Un nuevo día comienza, nos dicen los diarios, el sol ha salido, escuchamos por radio, y por una pantalla nos enteramos del frio que nos hace enroscarnos la bufanda, justo a tiempo…
Que belleza de mundo muerto, que dulce, que infantil entrega estamos viviendo, atados a una opinión cada vez más imperativa, decadente, ajena, sin intenciones de cambiar, en la comodidad asesina de dejar de pensar por nosotros mismos.
Cada vez más esclavos,
vivimos pensando en sumar más horas de trabajo, adictos a lo que sea que nos
vendan, no dejamos un día de recibir nuevos catálogos.

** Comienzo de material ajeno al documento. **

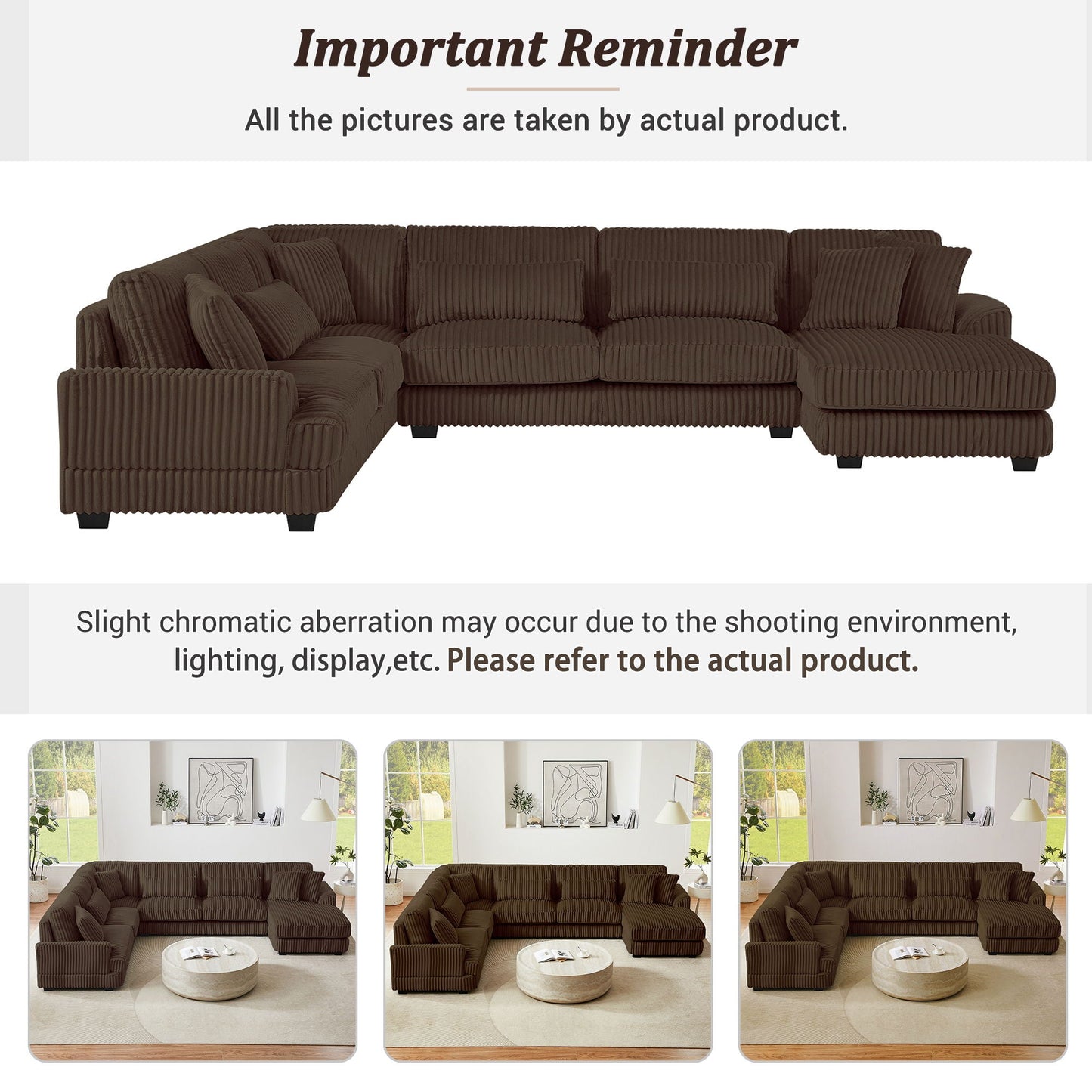 Oversized Sectional Sofa U - Shaped Sofa Couch Modern Sofa Upholstered In Soft With A Chaise Lounge For Living Room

Corredores del “último modelo” compramos lo innecesario, tiramos antes de haber usado, destrozamos el espacio con novedades inútiles, sin dejar de envenenarnos… pero sonreímos, somos felices, cuando encontramos una publicidad creativa que nos dibuja de nuevo, como una caricatura, y promete aflojar las riendas a nuestra angustia.

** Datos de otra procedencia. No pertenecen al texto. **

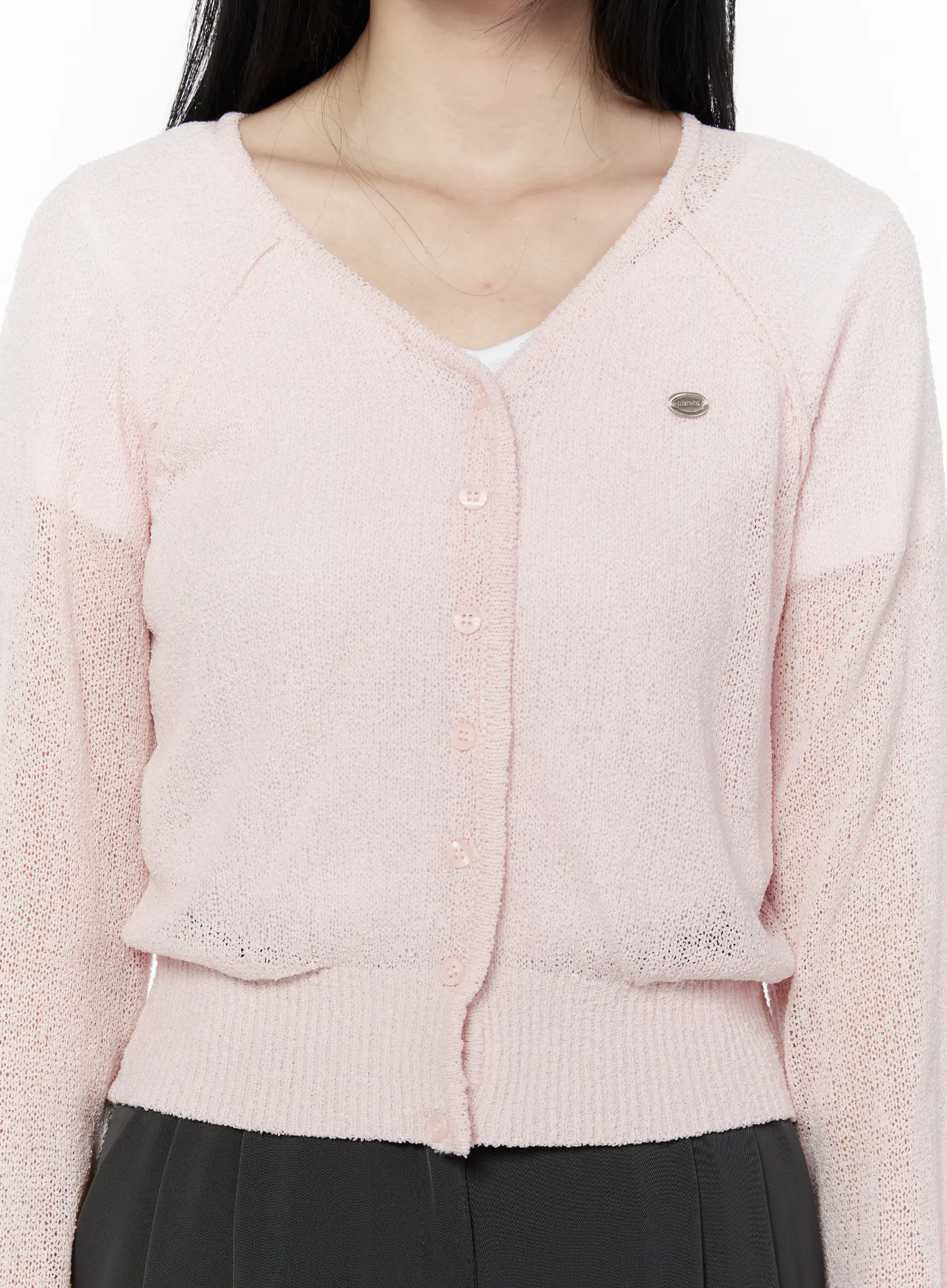 V-Neck Boucle Crop Cardigan IU503 - Image 4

Somos técnicamente alegres como resultado de nuestras actividades
anti estrés, que se oponen al rígido horario, y hasta la mitad de los días de
la semana, nos sobran un par de horas, tarde, para derivar en la televisión,
haciendo zapping, sin encontrar nada que mirar.

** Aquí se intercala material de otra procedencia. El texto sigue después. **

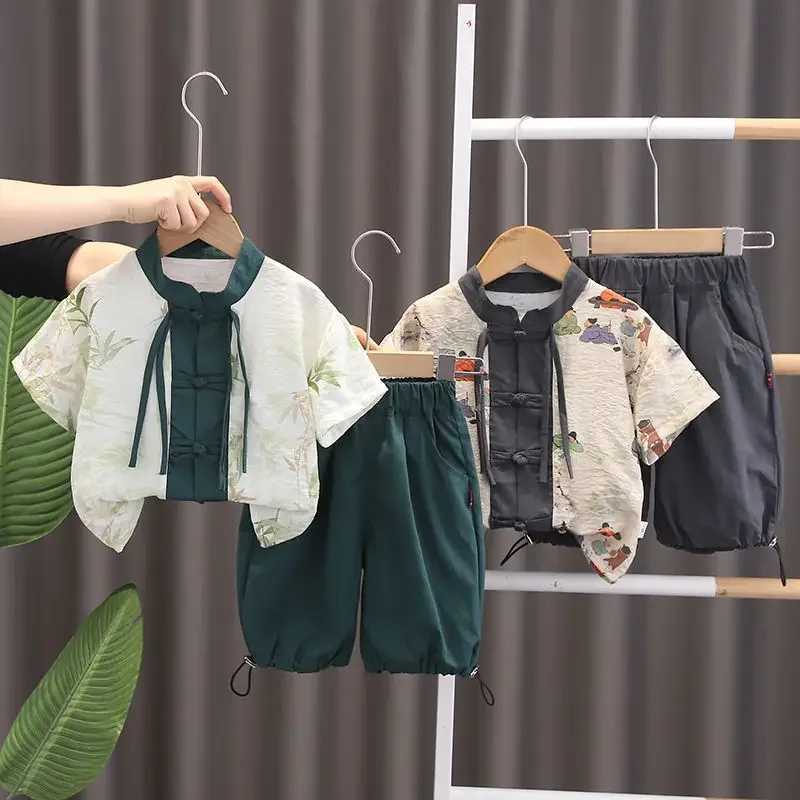 Clothing Sets Summer Children Kids Girls Boys Clothes Infant Printe National Style Shirt Shorts 2pcs/Set Baby Toddler Costume 1 2 3 4 5 Ages H241214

Pero no importa, es el nuevo concepto de libertad, elegir, no importa que, lo que quede para elegir, lo que nos dejen, lo que aun este permitido: distracciones, estupidez, frivolidad, indiferencia, hastío, adicción, ambición, frustración…
Pretendemos aumentar
nuestro nivel de consumo, como un parámetro de felicidad automatizada, pero en
realidad solo aumentamos el nivel en que somos consumidos por el mundo, en que
somos precintados como un paquete que abrirán en la tienda para extraer nuestra
billetera, nuestra tarjeta de crédito, siempre en deuda, en rojo, atrapados por
todo lo que aún nos debemos, por el ataque de ansiedad que nos genera la última
publicidad…
Viajamos en cajas rodantes para ser estibados en las modernas bodegas que nos usan de stock, llámenles escuelas, fabricas, supermercados o ministerios, todavía somos útiles, todavía nos tiran nuestro alimento al piso si movemos la cola como perros, monitoreando en silencio, sin decir nada, nuestra idoneidad, temiendo la visita al médico, el viaje interminable al hospital…
Apostamos a cambiar nuestra etiqueta por alguna
mejor, que deje a las claras quienes somos y como nos deben tratar, miramos
hacia arriba solo para recibir alguna humillación, promesa de un trato
preferencial que no va a llegar, miramos para abajo solo para saber en qué
cabeza poner el pie.
Avanzamos sin preocuparnos del peldaño que acabamos de abandonar, aunque veamos caer adelante -con un secreto placer- a los que llegaron finalmente al trampolín para saltar, es la trampa final: soñamos con felicidad, alegría, bienestar, amor incondicional, y finalmente, absurdos, indolentes, pluma a pluma y piedra a piedra, perdimos la capacidad de volar.